Start of AVAILABLE DATA

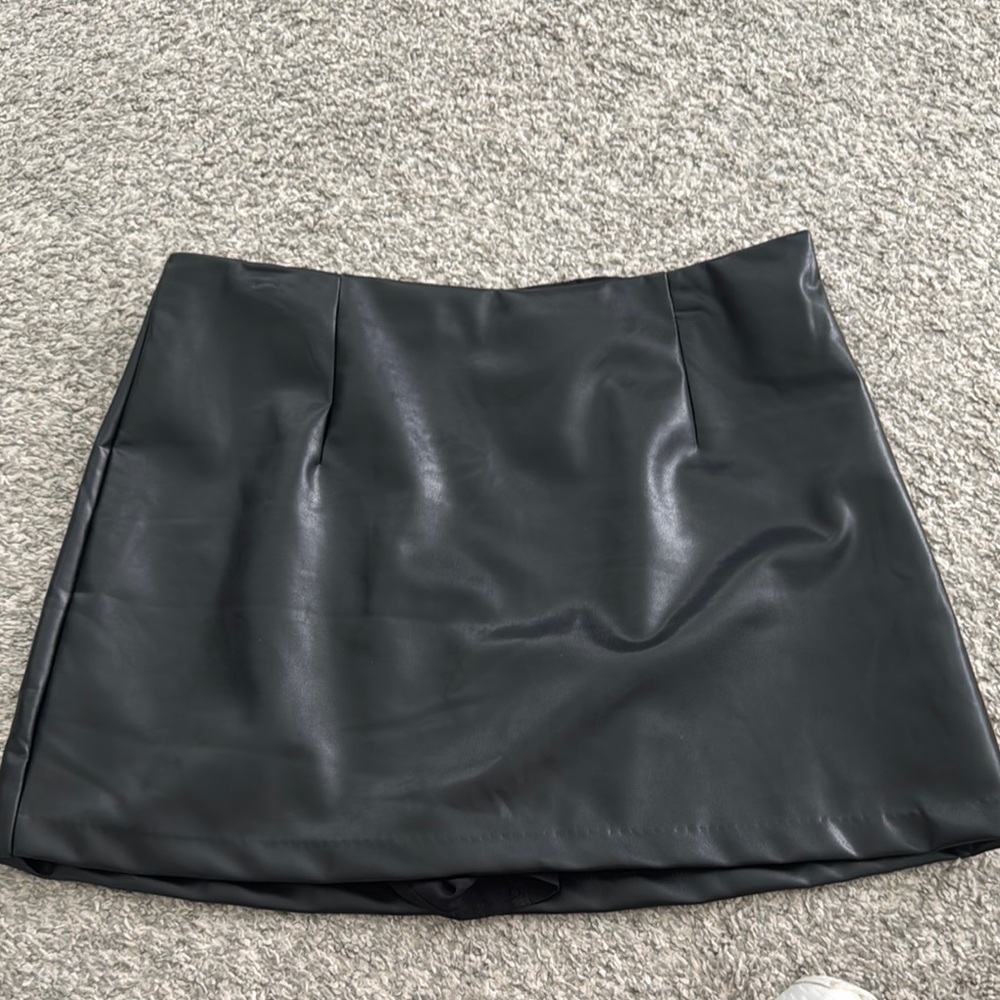 Abercrombie Black vegan leather Mini skort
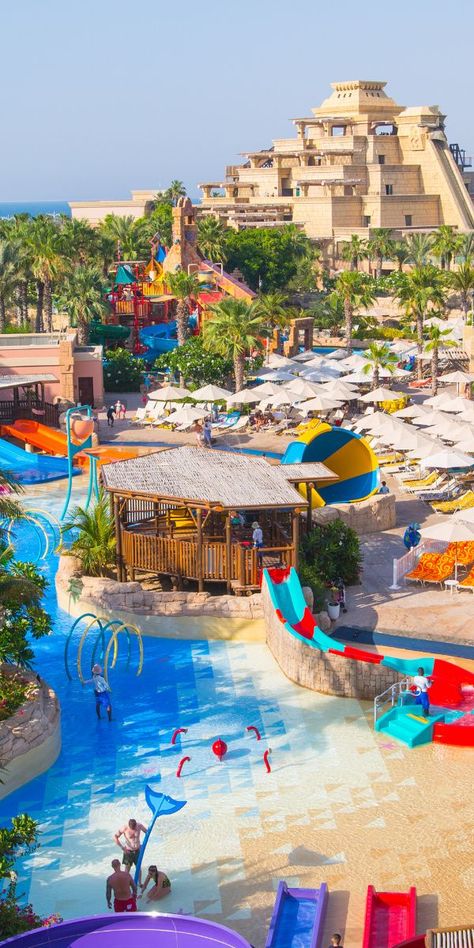 Dubai has several incredible water parks, but which ones will be the right ones for you and your family or traveling group? understanding the rides, height resrictions and locations of Dubai's leading water parks, plus which waterparks come included with your hotel stay or on the Dubai Pass | Ultimate Dubai Water Park Guide | Dubai Travel Planner Water Park Dubai, Dubai Waterpark, Waterpark Resort, Dubai Summer, Dubai Attractions, Dubai Vacation, Dream Vacations Destinations, Water Parks, Visit Dubai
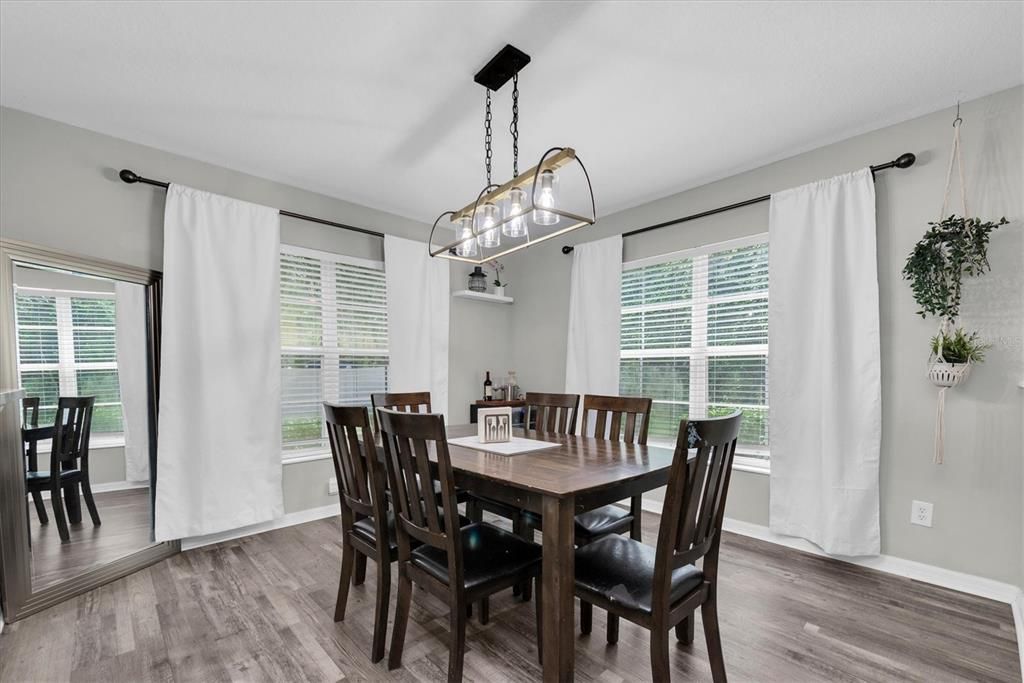 For Sale: $279,000 (3 beds, 2 baths, 1408 Square Feet)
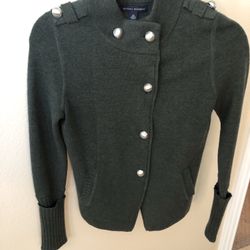 Banana Republic Hunter Green Silver Color Buttons XS Sweater. Condition is "Pre-owned". Shipped with USPS Priority Mail. Local pick up also available.
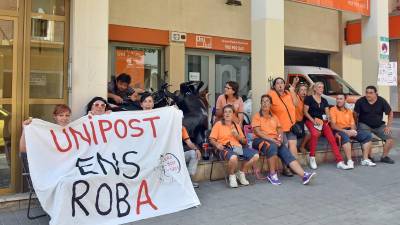 Una docena de trabajadores de Unipost en Reus, en una protesta que realizaron en septiembre de 2016. FOTO: Alfredo González/DT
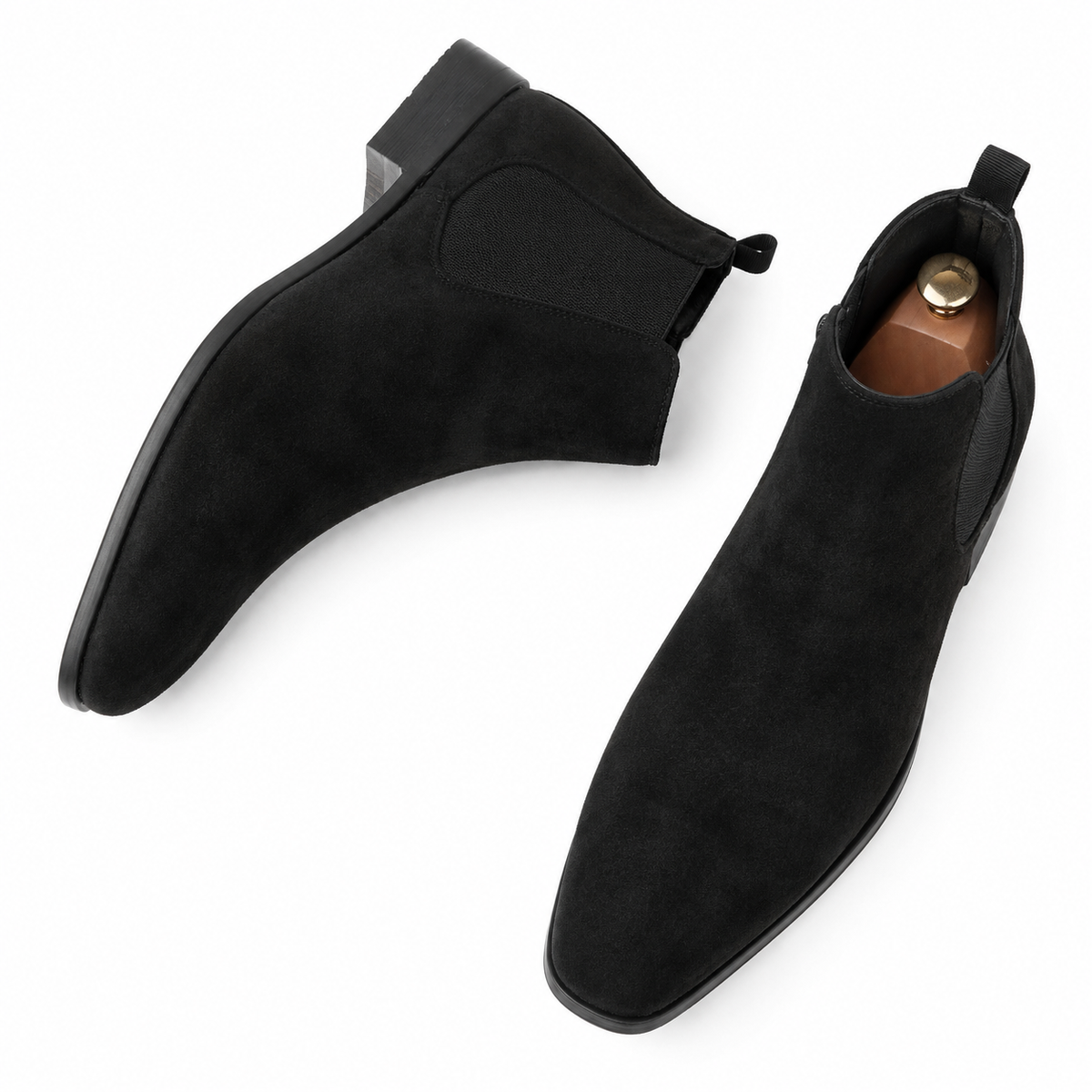 Men's dress Chelsea boots with elastic side panels and pull tab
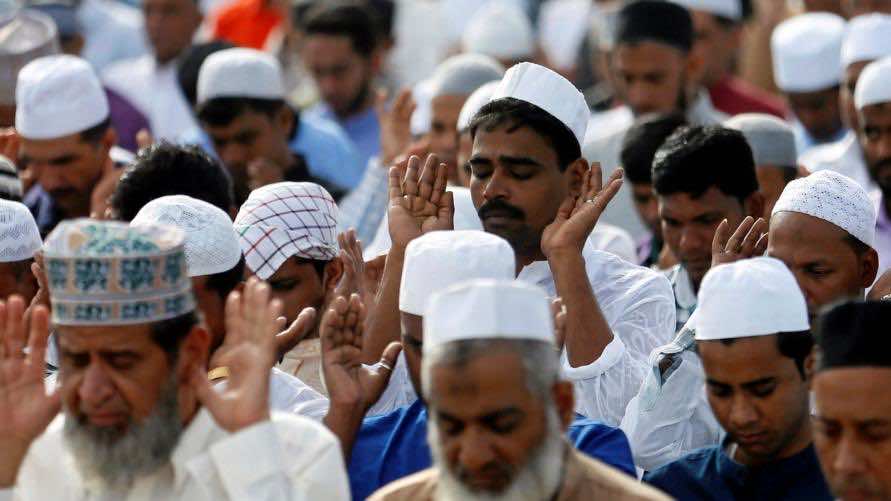 اعتداءات ضد المساجد والمسلمين في سريلانكا.. والحكومة تحجب مواقع التواصل الإجتماعي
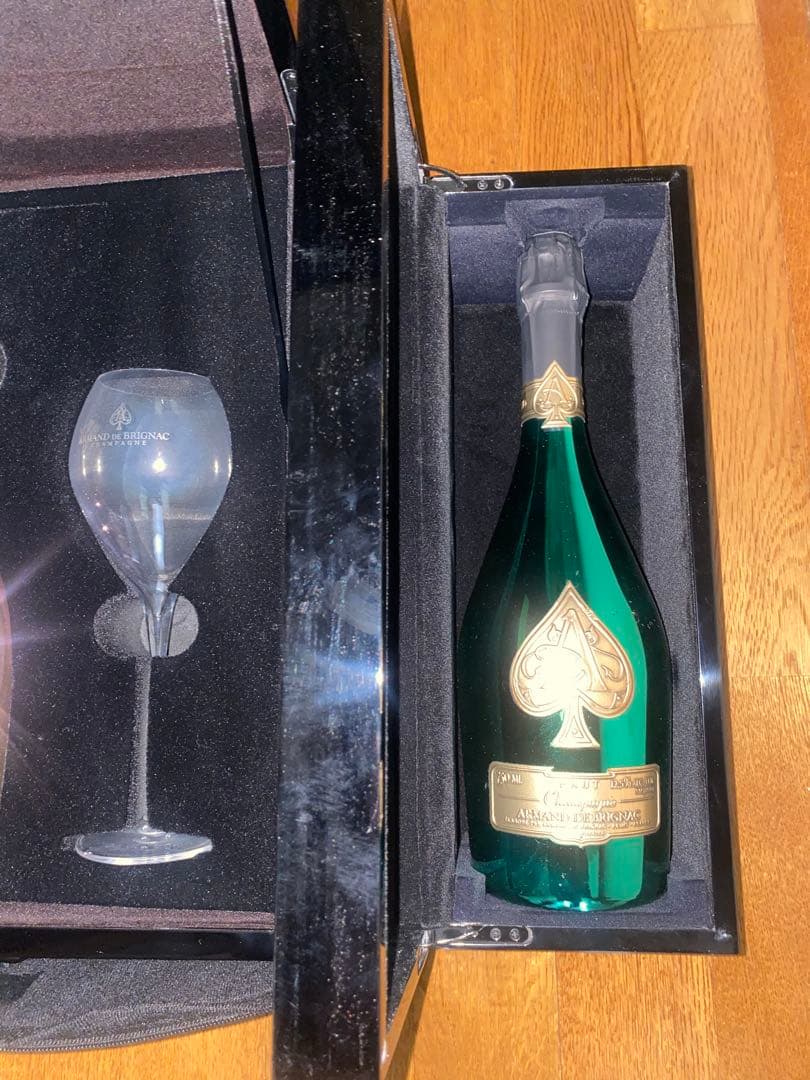 アルマンドブリニャック ドゥ フルート ロゼ・ブリニャックブリュット グリーン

End of AVAILABLE DATA

TASK REQUIREMENTS
Write out the records above in full and exactly, with no pictures.

SOLUTION BELOW
 Abercrombie Black vegan leather Mini skort
 Dubai has several incredible water parks, but which ones will be the right ones for you and your family or traveling group? understanding the rides, height resrictions and locations of Dubai's leading water parks, plus which waterparks come included with your hotel stay or on the Dubai Pass | Ultimate Dubai Water Park Guide | Dubai Travel Planner Water Park Dubai, Dubai Waterpark, Waterpark Resort, Dubai Summer, Dubai Attractions, Dubai Vacation, Dream Vacations Destinations, Water Parks, Visit Dubai
 For Sale: $279,000 (3 beds, 2 baths, 1408 Square Feet)
 Banana Republic Hunter Green Silver Color Buttons XS Sweater. Condition is "Pre-owned". Shipped with USPS Priority Mail. Local pick up also available.
 Una docena de trabajadores de Unipost en Reus, en una protesta que realizaron en septiembre de 2016. FOTO: Alfredo González/DT
 Men's dress Chelsea boots with elastic side panels and pull tab
 اعتداءات ضد المساجد والمسلمين في سريلانكا.. والحكومة تحجب مواقع التواصل الإجتماعي
 アルマンドブリニャック ドゥ フルート ロゼ・ブリニャックブリュット グリーン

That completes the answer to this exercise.